Letter Frequency II -- Visualizations

In order to better procrastinate on my master's thesis (an analysis of my database of translations into Yiddish), I've been getting into Rust and cellular automata. I have been thinking vaguely about how automata could be used to model literary production. Maybe a big bimodal graph of translators and publishers, with rules governing when publishers are born/die/survive? More to be seen...

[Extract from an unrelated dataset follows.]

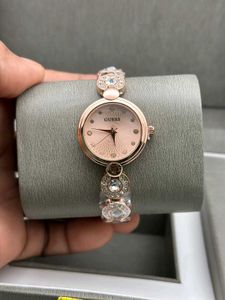 Guess Rose Gold Crystal Watch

But I think I just like how cellular automata look. I used to throw text data into .bmp's and see what would come out, and these representations of one dimensional cellular automata, with their strange periodicities, have a similar feel.

alt

Remembering, this I thought to myself: why not use these methods to take a look at the Hebrew Bible? My first idea was to convert each Hebrew letter to a numerical, then binary representation. א, as the first letter, would be 0 or 00000 as expressed in five bit binary. ב would then be 00001, ג would be 00010, all the way up through ת (10101). Final letters are encoded as their normal forms. I would then write all these binary representations to an image in the wonderful .pbm format.

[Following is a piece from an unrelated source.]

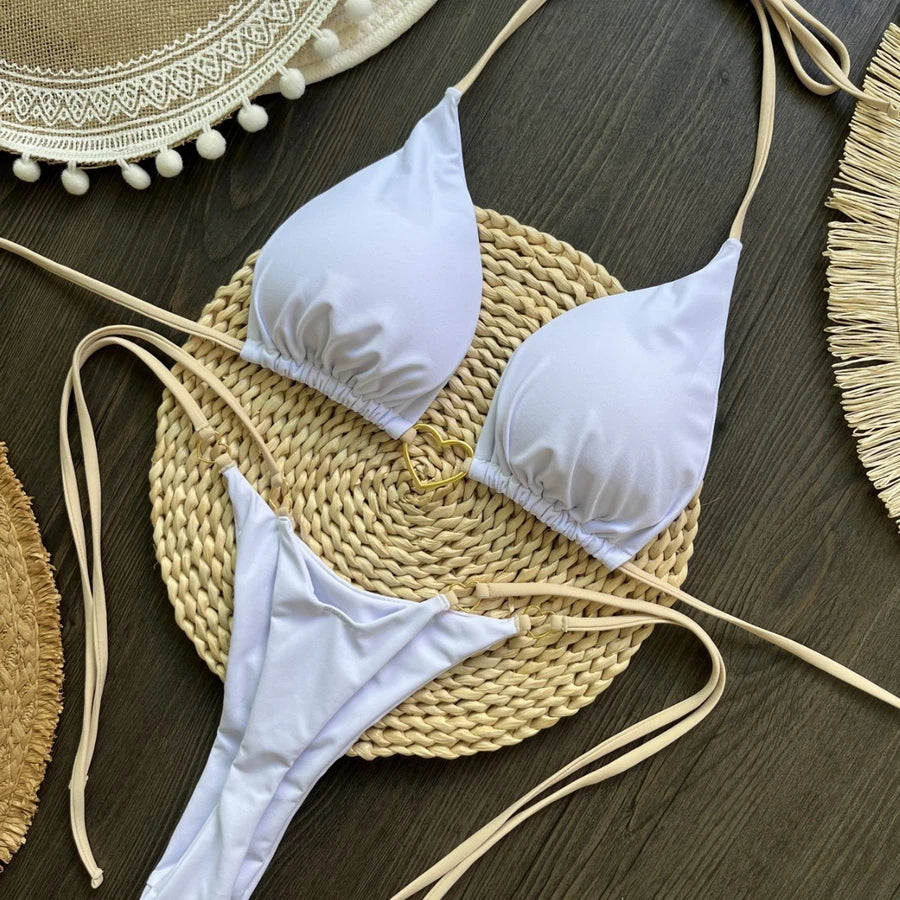 Para Praia Brazilian Bikini Set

In case you're not familiar, .pbm, .pgm, and .ppm have ASCII formats, which makes them very human readable and fun to manipulate. A file that looks like this:

P1
# This is an example bitmap of the letter "J"
6 10
0 0 0 0 1 0
0 0 0 0 1 0
0 0 0 0 1 0
0 0 0 0 1 0
0 0 0 0 1 0
0 0 0 0 1 0
1 0 0 0 1 0
0 1 1 1 0 0
0 0 0 0 0 0
0 0 0 0 0 0

Will end up looking like this:

Pretty cool, right? A five-bit, square representation of Genesis 1 encoded this way looks like this:

alt

From left to right it reads:

00001 10011 00000 10100 01001 10101 ...
ב ר א ש י ת ...

Cool as this looks (to me anyway...), our eyes are really quite ill-equipped to read any of it. If you want you can sit there and decode byte by byte, but its very difficult to find patterns. But if we introduce color, patterns start to emerge.

So I decided to do the same basic thing but represent each of the 22 letters of the Hebrew alphabet with a different color. As luck would have it, in 1965 one Kenneth Kelly defined a 22-color palette designed for maximum contrast. I modified my code to use the colorful .ppm format, and began producing representations like this (read right to left):

alt

Genesis 1

The letter/color key is as follows:

א ב ג ד ה ו ז ח ת י כך ל מם נן ס ע פף צץ ק ר ש ת


It's still not the easiest thing to read, but some interesting patterns emerge. As mentioned in the previous blog post, there are a lot of yuds in Genesis 1, and accordingly the above representation is marbled thoroughly with a nice green. Due to its consecutive use, vav, which is represented with light blue, tends to form nice, evenly spaced, diagonal striations. It also tends to be the first color in most chapters, as in Genesis 11 and 19:

alt

Genesis 11

alt

Genesis 19

ה, in orange, is also sprinkled evenly throughout, as are aleph and tav. When you look at these diagrams for long enough, you can start to pick out all the את's, which are represented by a white square followed by a dark gray-green square.

I also decided to make representations of individual verses, in order to take a look at some of the conclusions I made last time. And, as expected, Gen 10:28 is white with alephs:

alt

Gen 1:23 is green with yuds:

alt

Gen 49:19, the prophecy of Gad, has sort of a jester/Lakers look, due to the high occurence of gimel and daled.

alt

This approach enables an interesting mix of very close and very distant reading. It highlights the smallest unit of Hebrew (the letter), and makes it visible over large swathes of text.

Can it help us learn anything? I'm not sure... But it sure does look cool. If you're interested, the code and all the images are available on my GitHub.